The executor of the deceased spouse’s estate is responsible for identifying and retitling assets—such as bank accounts, investments, or real estate—into the name of the non-marital trust. The specific assets chosen to fund the trust are often determined by a formula outlined in the estate planning documents to precisely capture the available exemption amount.

Tax Treatment of Trust Assets

A non-marital trust is a separate taxable entity and must obtain an Employer Identification Number (EIN) from the IRS. The trustee must file an annual income tax return for the trust using IRS Form 1041. This is required if the trust has any taxable income or gross income of $600 or more.

Income generated by trust assets, such as dividends or interest, is reported on Form 1041. If income is distributed to the surviving spouse, it is reported to them on a Schedule K-1, and the spouse pays the income tax. If income is kept within the trust, the trust pays the tax at its own, often higher, tax rates.

The most important tax outcome is that assets in the trust are excluded from the surviving spouse’s gross estate upon their death. This exclusion applies to the initial principal and any growth the assets experience over the survivor’s lifetime, sheltering the wealth for the remainder beneficiaries.

Understanding Portability as an Alternative

Portability offers an alternative to a non-marital trust for some families. This federal tax law allows a surviving spouse to use any of their deceased spouse’s unused federal estate tax exemption.

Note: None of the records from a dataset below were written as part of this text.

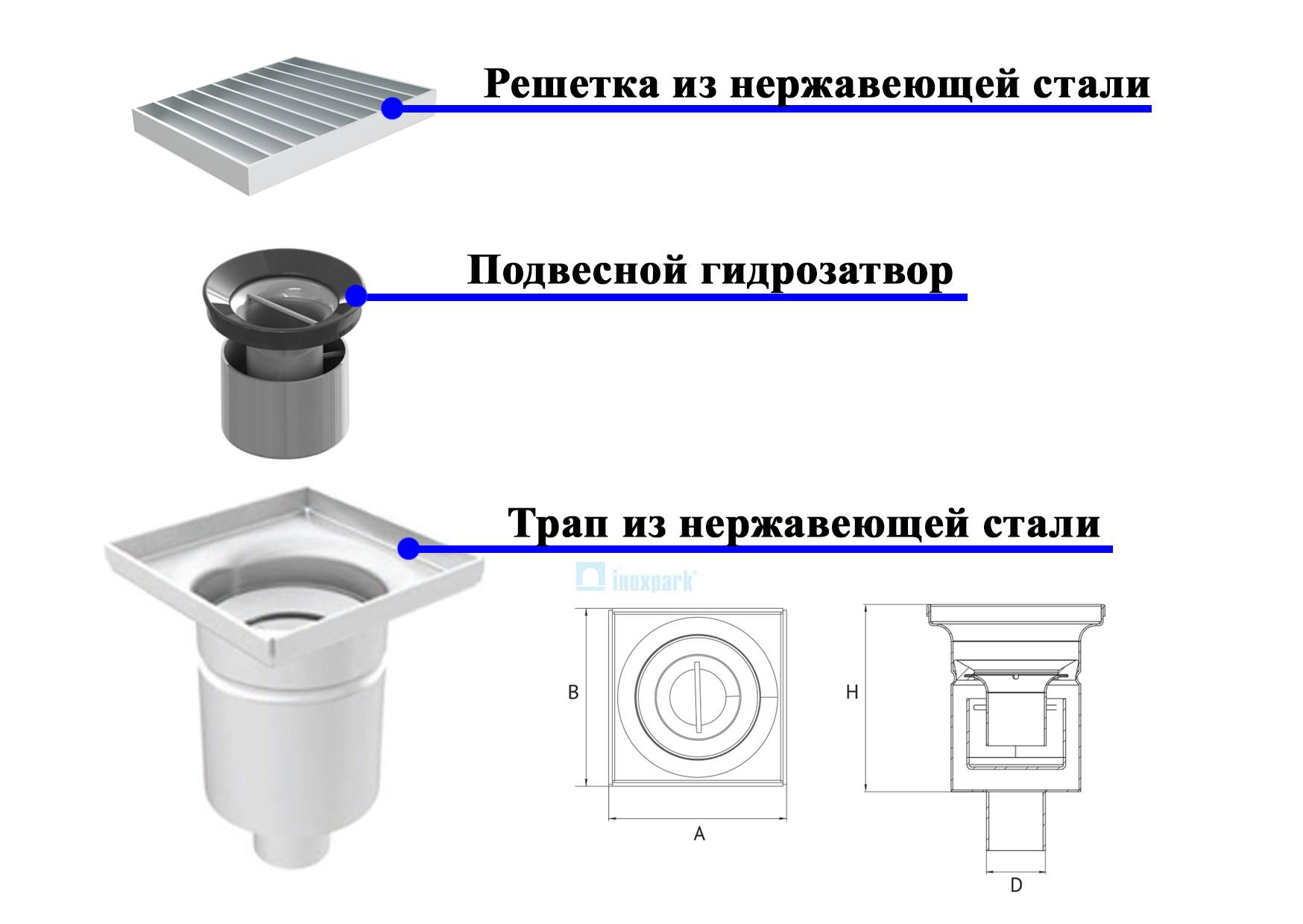 Установка трапа схема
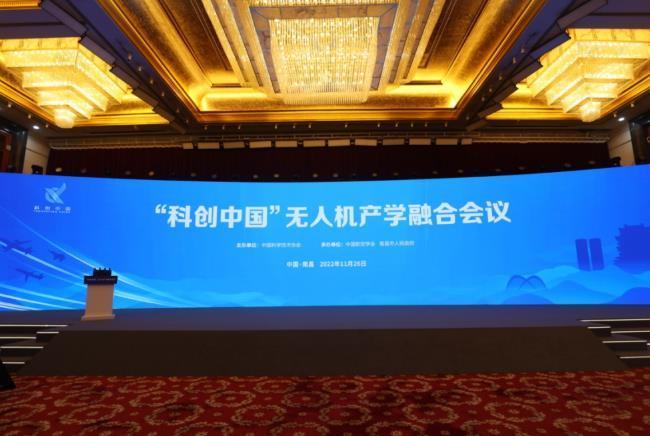 “科創(chuàng)中國”無人機產(chǎn)學(xué)融合論壇成功在南昌舉辦(圖1) “科創(chuàng)中國”無人機產(chǎn)學(xué)融合論壇成功在南昌舉辦(圖1)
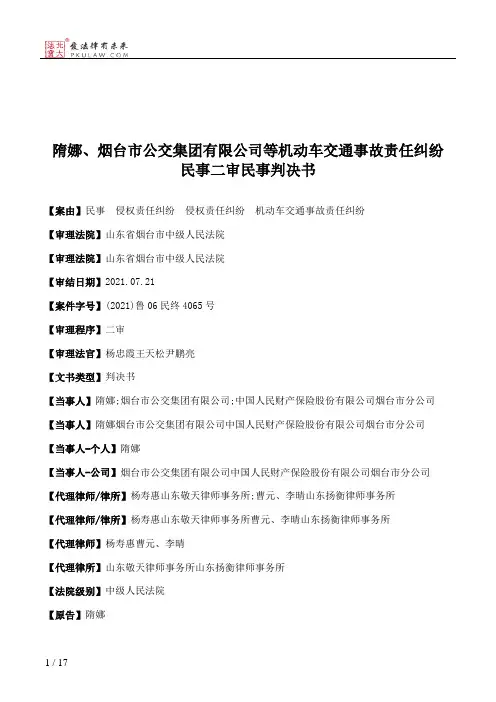 隋娜、烟台市公交集团有限公司等机动车交通事故责任纠纷民事二审民事判决书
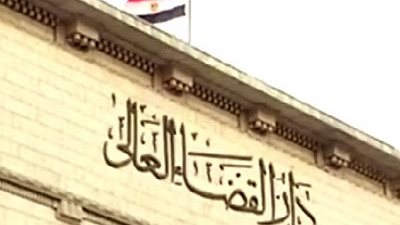 محاكمات «ساخنة» في أول أيام عمل عقب إجازة العيد..استئناف محاكمة «مبارك»..«الحرية والعدالة» ينتظر قرار الحل بالإدارية العليا..محاكمة 80 إخوانيًا في أحداث «روض الفرج&#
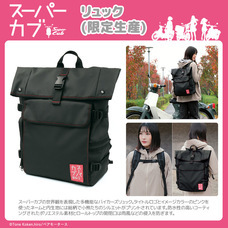 有限会社アクロスのプレスリリース画像1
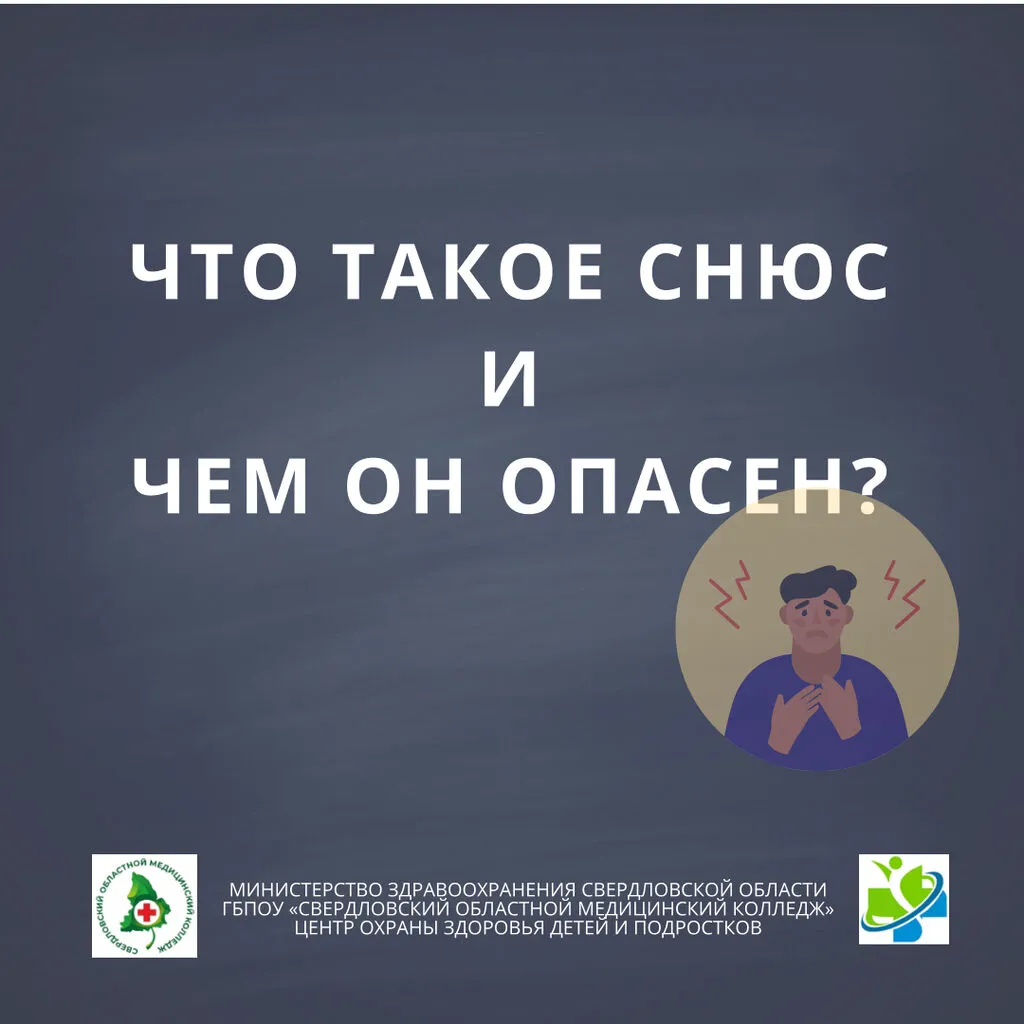 снюс 1.jpeg
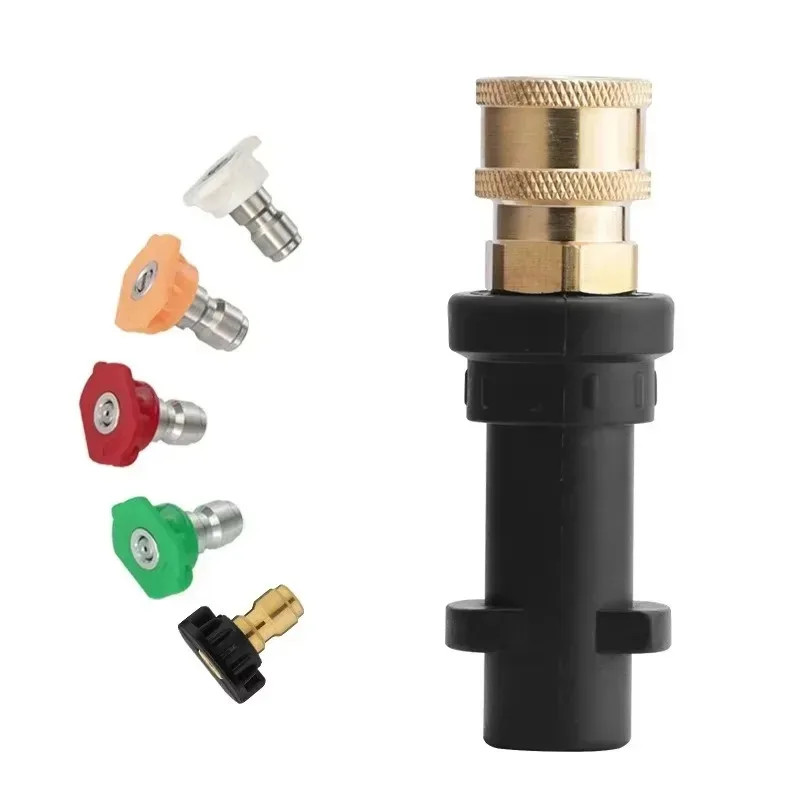 Karcher K2-K7 High Pressure Washer Adapter with 5-Color Quick Connect Nozzles an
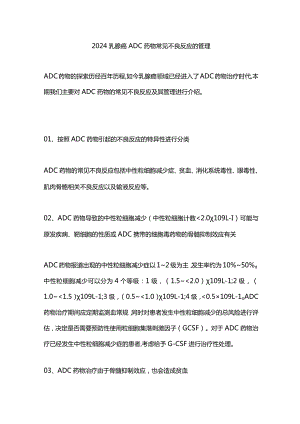 2024乳腺癌ADC药物常见不良反应的管理.docx
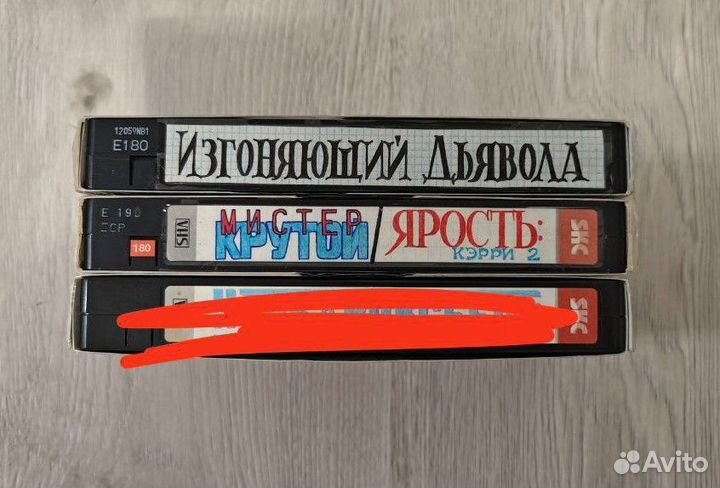 Видеокассеты VHS 1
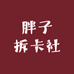胖子拆卡社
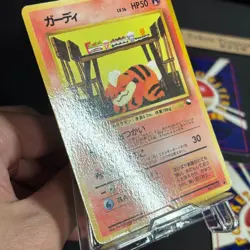 Pokemon Cards Tomokazu Komiya Vending Series Lot 5x Old Back Japanese - Image 3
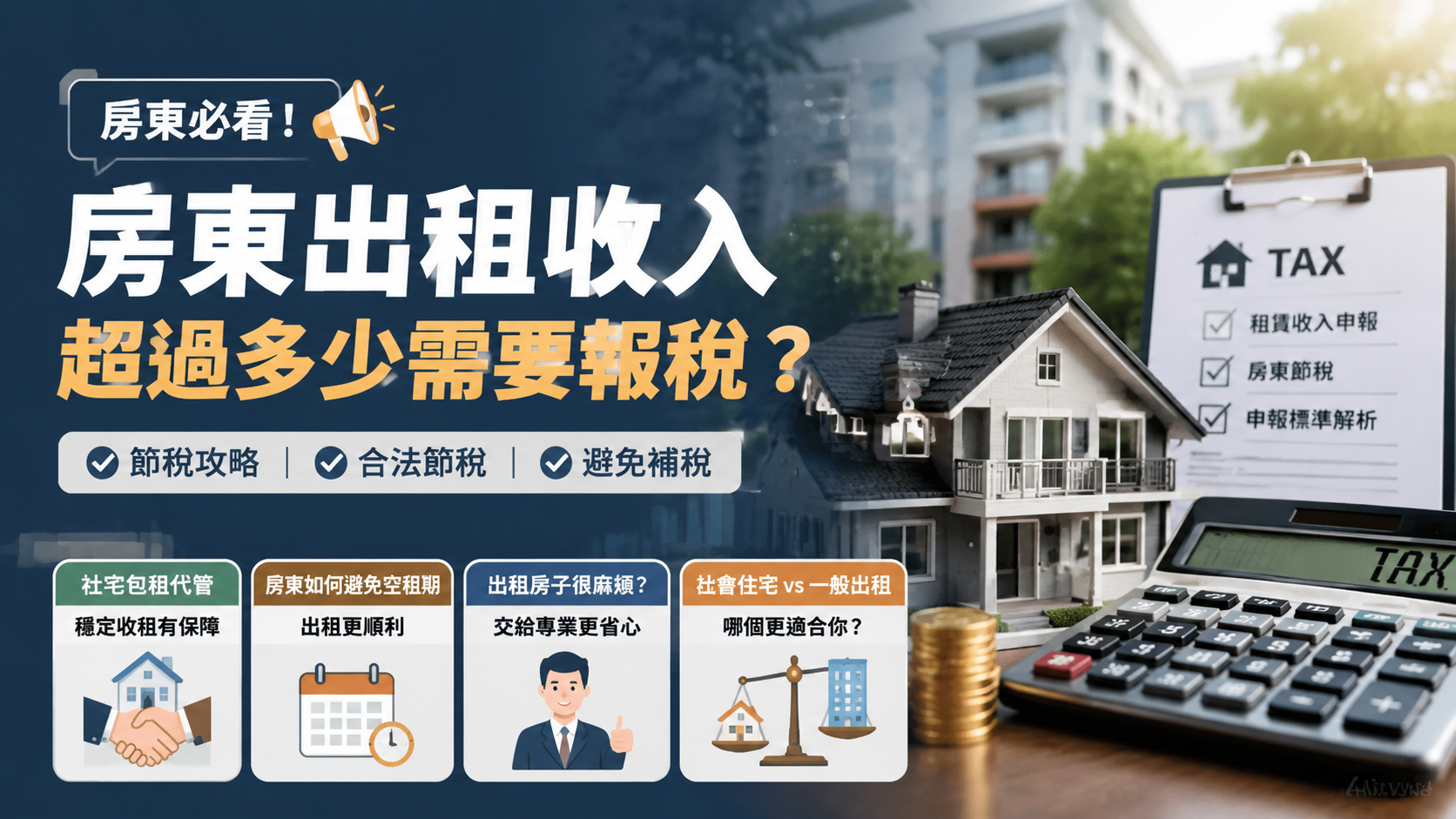 房東出租收入超過多少需要報稅？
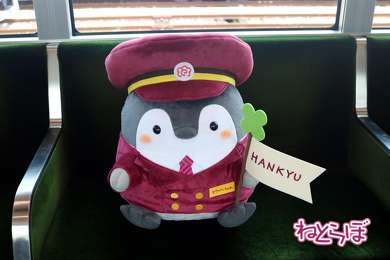 阪急電車 コウペンちゃん号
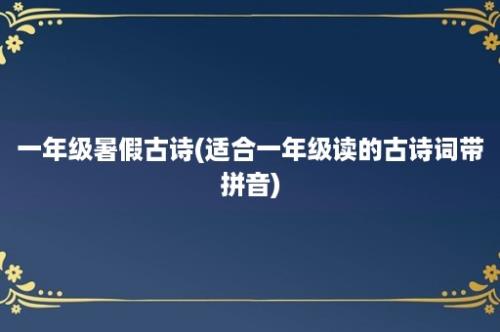 一年级暑假古诗(适合一年级读的古诗词带拼音)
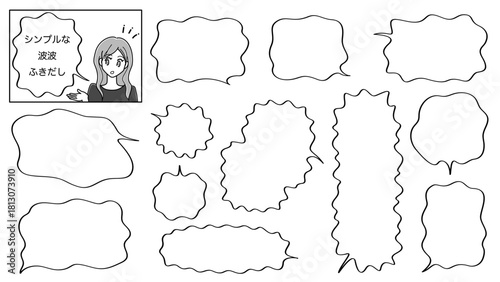 シンプルな波波ふきだし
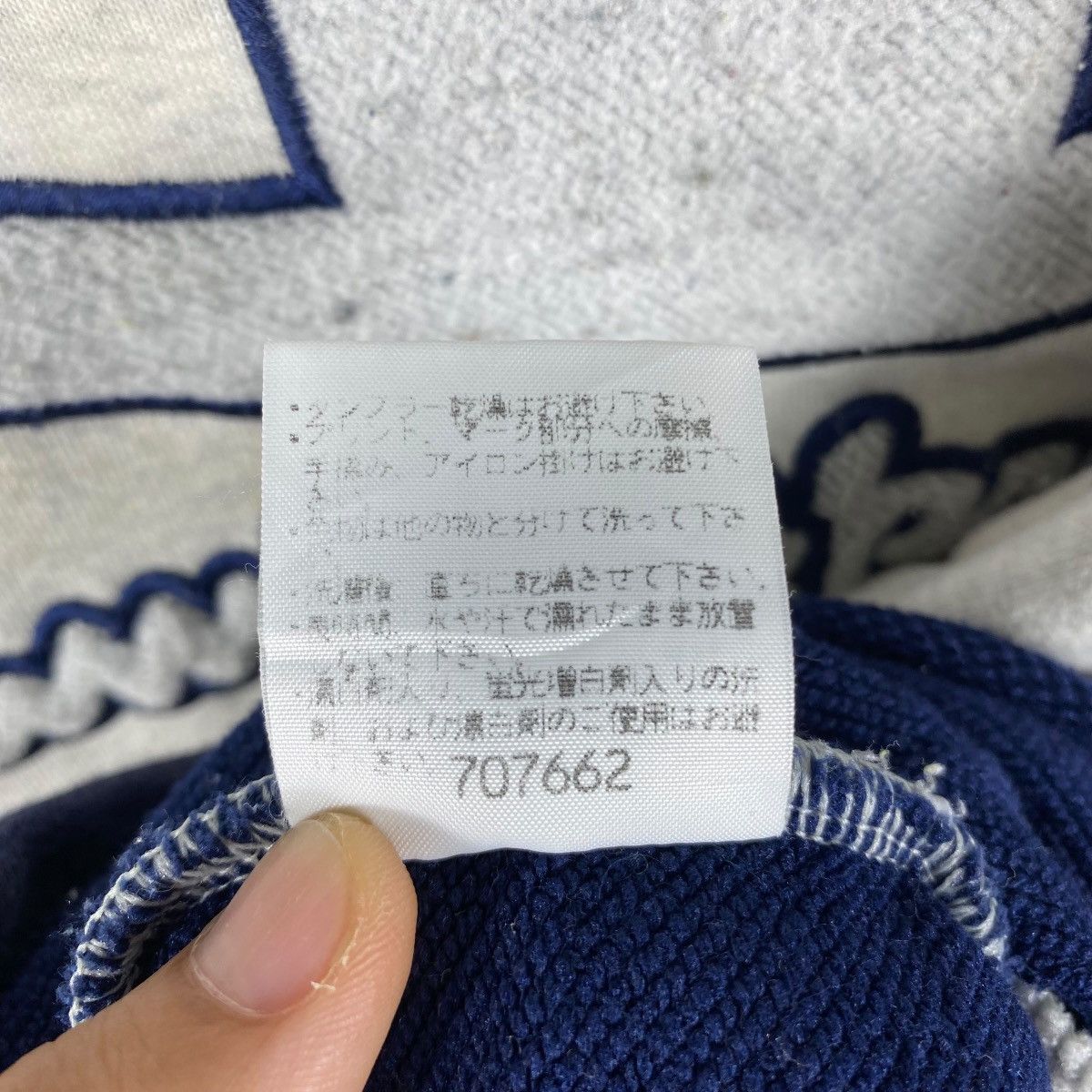 Champion × Vintage Vintage CHAMPION PRODUCTS Usa Big Logo Sweatshirt Pullover Size US M / EU 48-50 / 2 - 9 Thumbnail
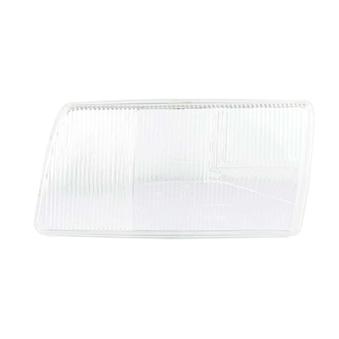 Disperseur, projecteur principal BSG BSG 60-801-022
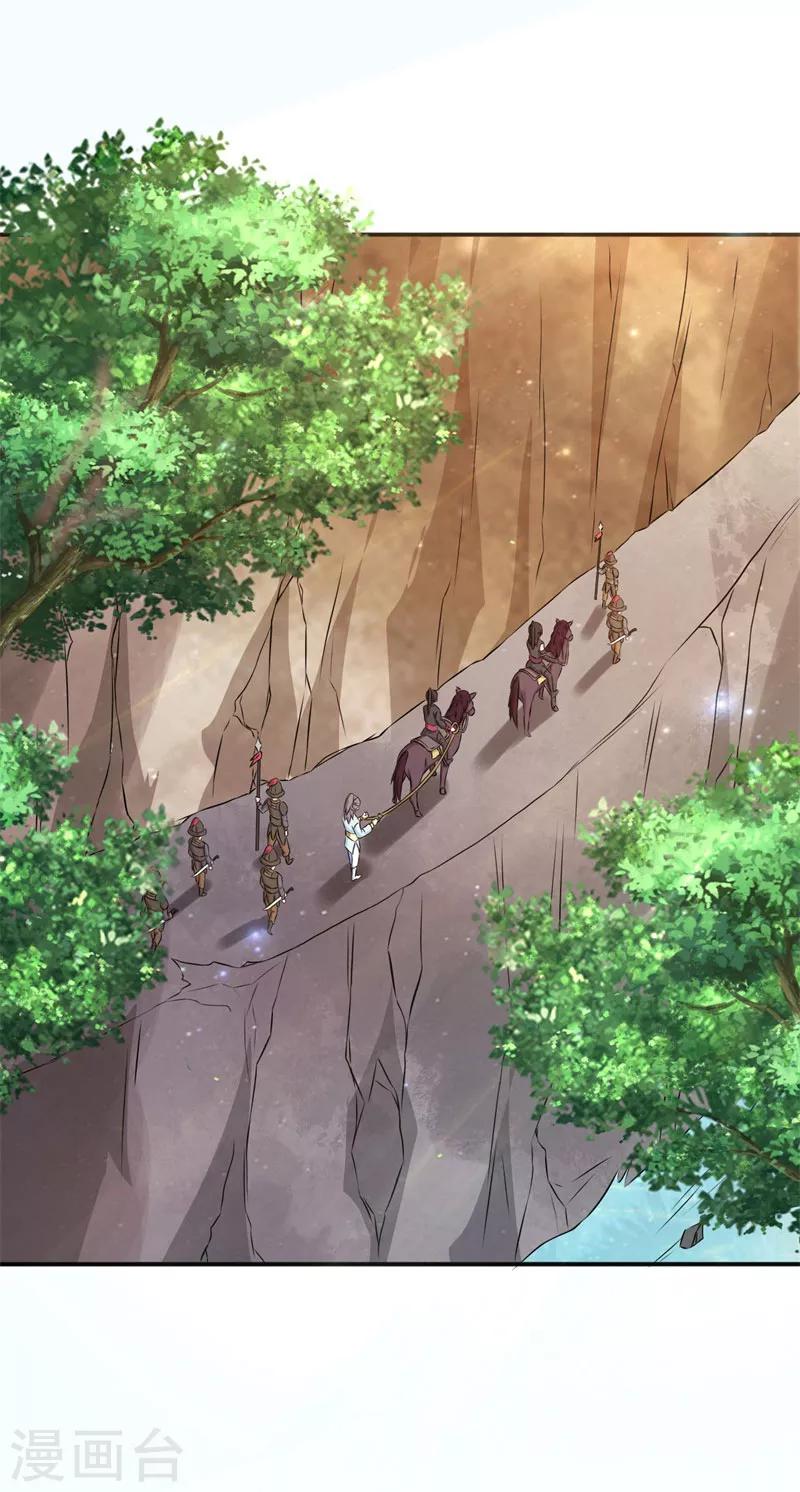 第24话 我要杀个干净-第25话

This unused portion is known as the Deceased Spousal Unused Exclusion (DSUE) amount.

To use portability, the executor of the first spouse’s estate must file a federal estate tax return, Form 706, even if no tax is owed. This election adds the DSUE amount to the surviving spouse’s own exemption, increasing the total they can pass to heirs free of federal estate tax.

While portability can simplify estate administration, a non-marital trust remains a better tool in several scenarios. Portability does not apply to most state estate taxes, making a trust the primary method for shielding assets from state-level taxation.

A trust also provides asset protection from creditors and ensures assets are distributed to specific heirs, like children from a previous marriage. Additionally, portability does not apply to the Generation-Skipping Transfer (GST) tax exemption, so a trust is needed to preserve the first spouse’s GST exemption.